=== GOAL OF THE EXERCISE ===
Having located "Tiny photo for", write out its line and the remaining lines of the material exactly, the last one included, but not the pictures.

=== EXTRACTED ENTRIES ===
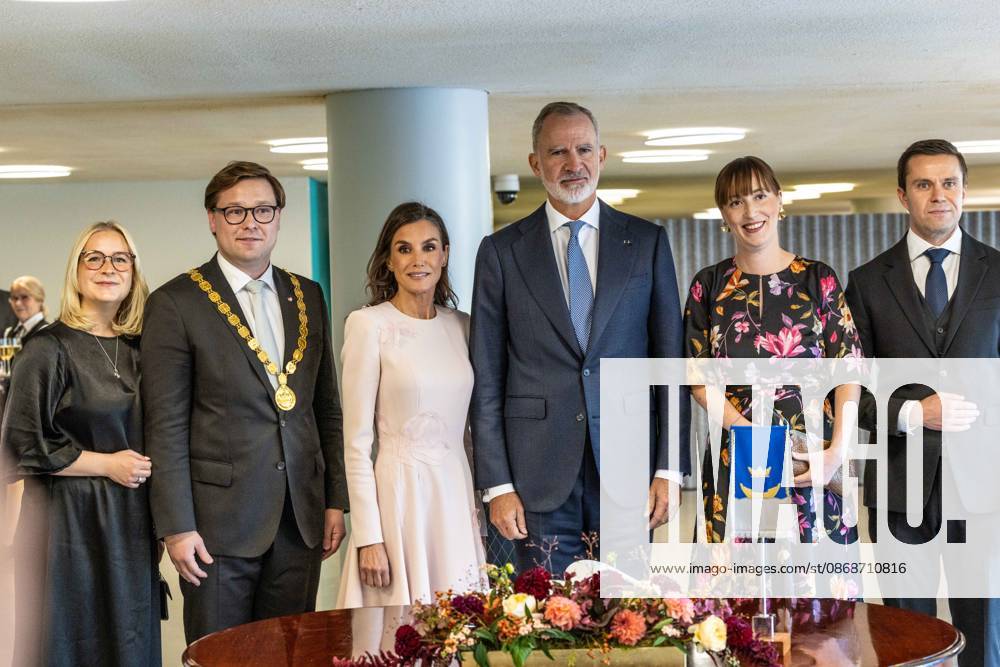 Helsingin pormestarin puoliso (vasemmalla), Helsingin pormestari Daniel Sazonov, Espanjan kuningatar Letizia ja kuningas Felipe VI poseeraavat kameroille Helsingin kaupungintalolla Espanjan kuningasparin valtiovierailun yhteydessa. Helsinki Finland - ZUMAt172 20261006_zip_t172_043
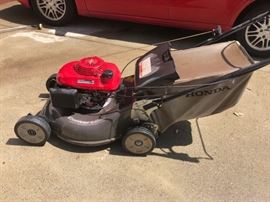 Honda Self propelled LawnMower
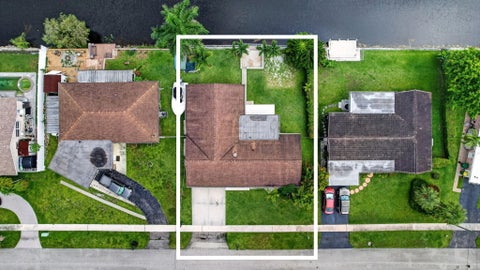 Tiny photo for 12411 SW 2nd Street, Plantation, FL 33325 (MLS # B26035789)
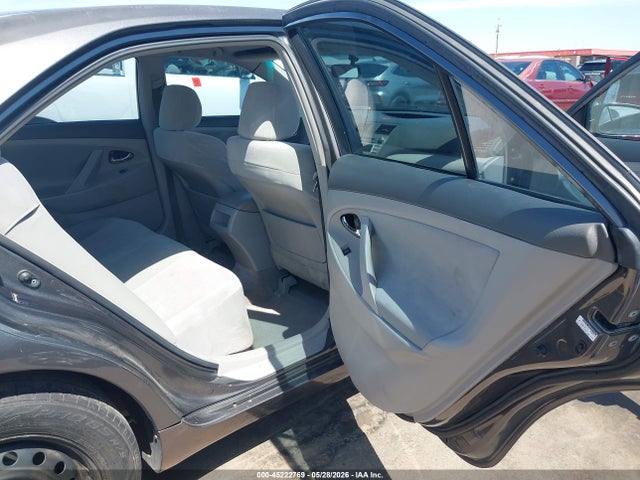 2010 Toyota Camry Le მანქანა იყიდება აუქციონზე, vin: JTNBF3EK6A3001264, აუქციონის ნომერი: 45222769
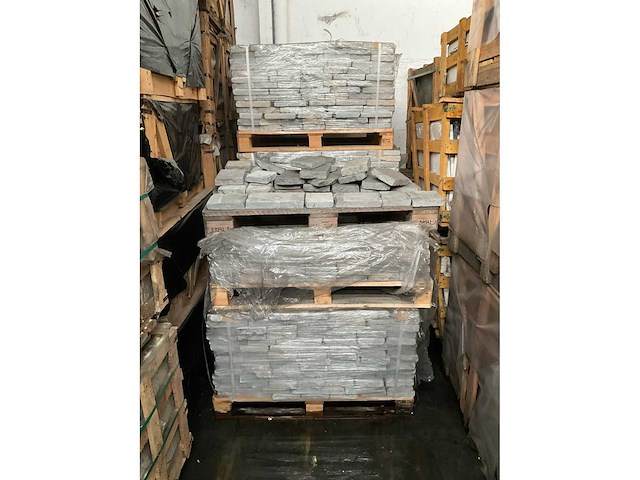 Marokkaans grijs rustiek natuursteen tuintegel - afbeelding 4 van  4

=== RESULT FOR THIS EXERCISE ===
 Tiny photo for 12411 SW 2nd Street, Plantation, FL 33325 (MLS # B26035789)
 2010 Toyota Camry Le მანქანა იყიდება აუქციონზე, vin: JTNBF3EK6A3001264, აუქციონის ნომერი: 45222769
 Marokkaans grijs rustiek natuursteen tuintegel - afbeelding 4 van  4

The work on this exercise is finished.